Work order >> Look below for the lines from the one with "Tommy Hilfiger Men's" to the one with "WOMO 5 Blade", and copy exactly those lines, both ends included.

Information provided >>
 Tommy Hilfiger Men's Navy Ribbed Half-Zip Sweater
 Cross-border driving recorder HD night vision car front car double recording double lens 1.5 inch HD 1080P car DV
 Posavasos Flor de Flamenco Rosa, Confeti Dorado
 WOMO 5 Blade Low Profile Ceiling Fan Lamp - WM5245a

* * *

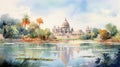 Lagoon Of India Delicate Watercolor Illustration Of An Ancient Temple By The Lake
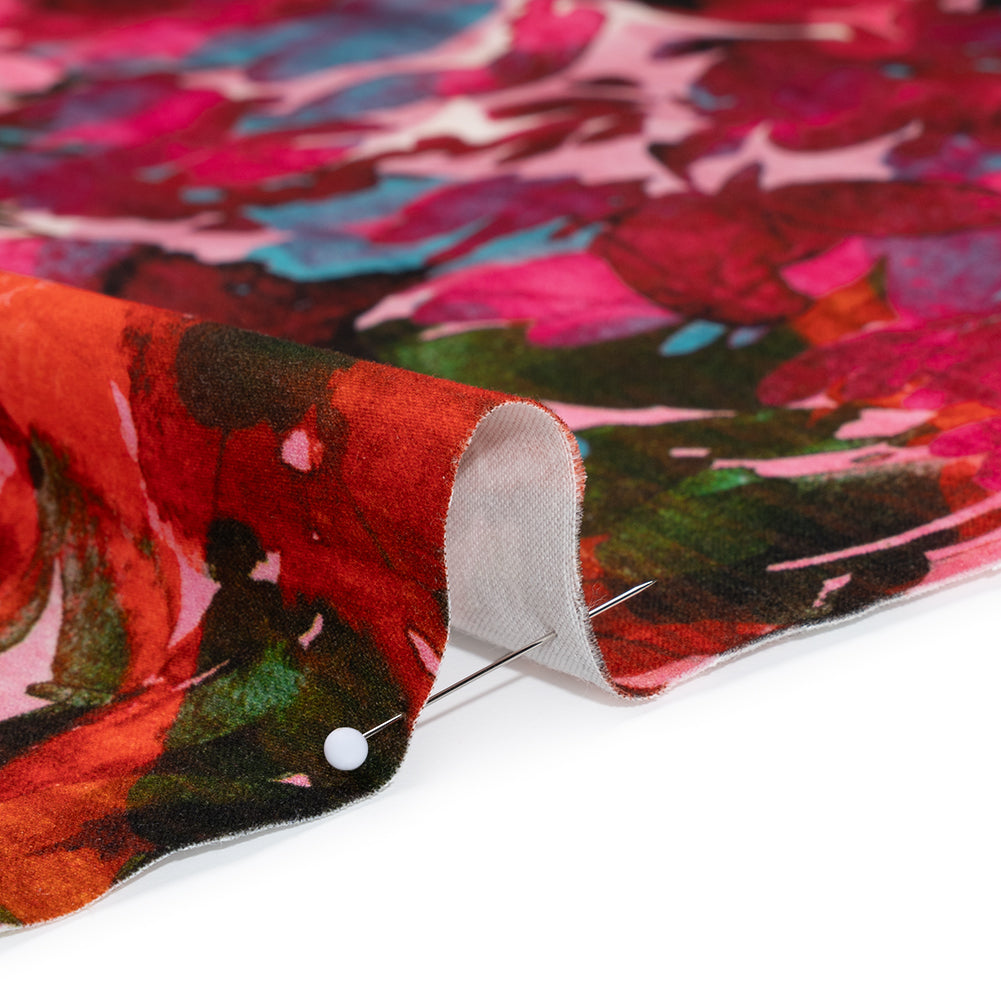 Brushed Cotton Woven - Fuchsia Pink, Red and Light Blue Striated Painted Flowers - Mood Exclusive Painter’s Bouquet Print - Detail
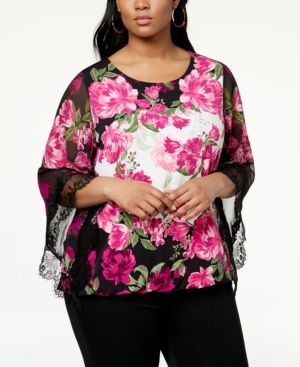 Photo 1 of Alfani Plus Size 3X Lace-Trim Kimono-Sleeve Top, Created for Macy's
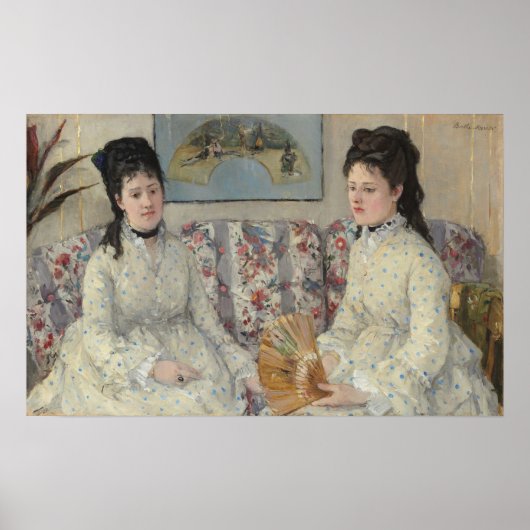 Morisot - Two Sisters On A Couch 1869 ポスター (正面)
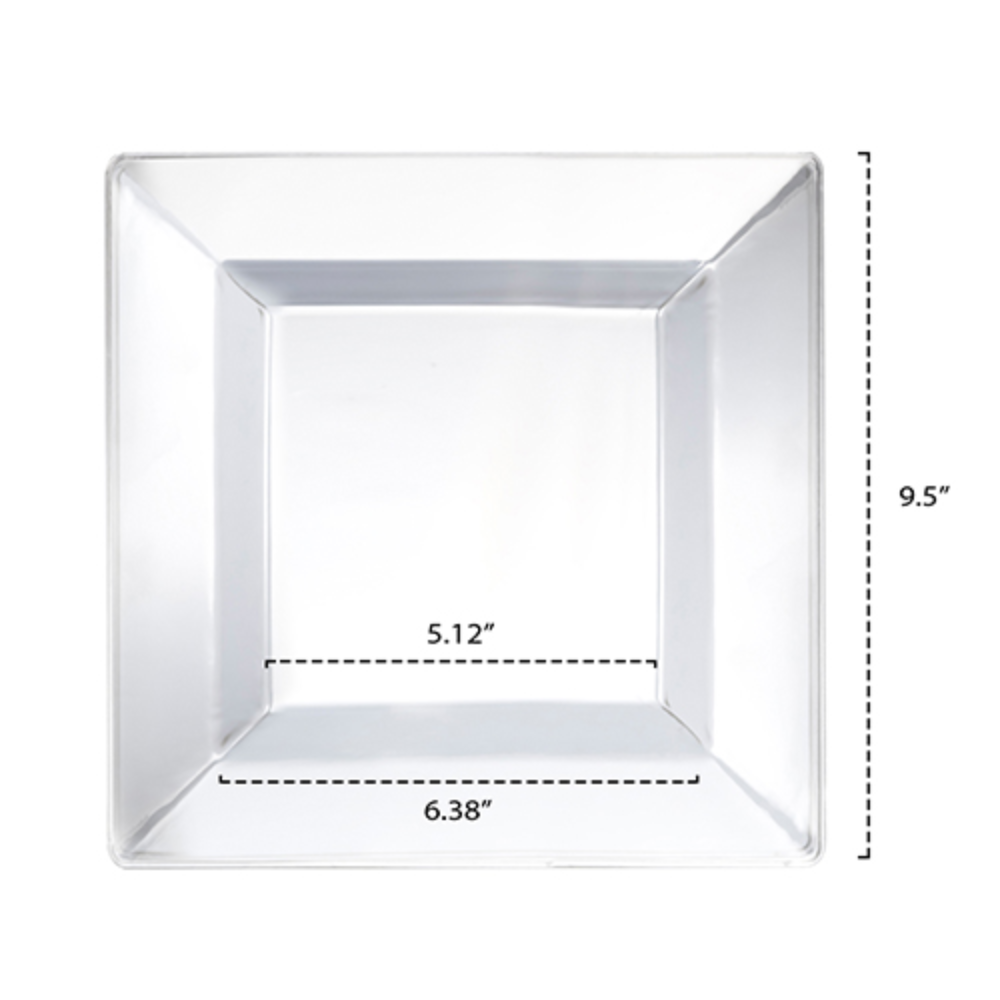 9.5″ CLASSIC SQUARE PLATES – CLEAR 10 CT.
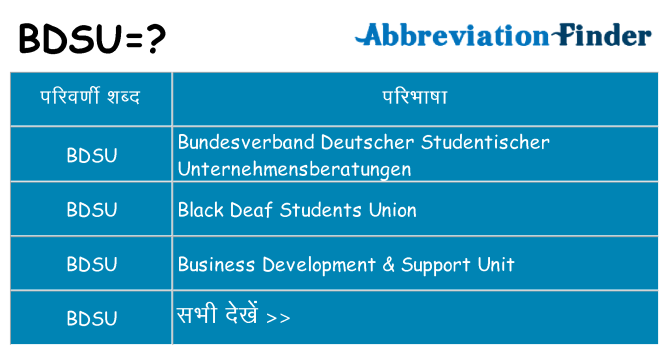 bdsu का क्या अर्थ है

Exercise output >>
 Tommy Hilfiger Men's Navy Ribbed Half-Zip Sweater
 Cross-border driving recorder HD night vision car front car double recording double lens 1.5 inch HD 1080P car DV
 Posavasos Flor de Flamenco Rosa, Confeti Dorado
 WOMO 5 Blade Low Profile Ceiling Fan Lamp - WM5245a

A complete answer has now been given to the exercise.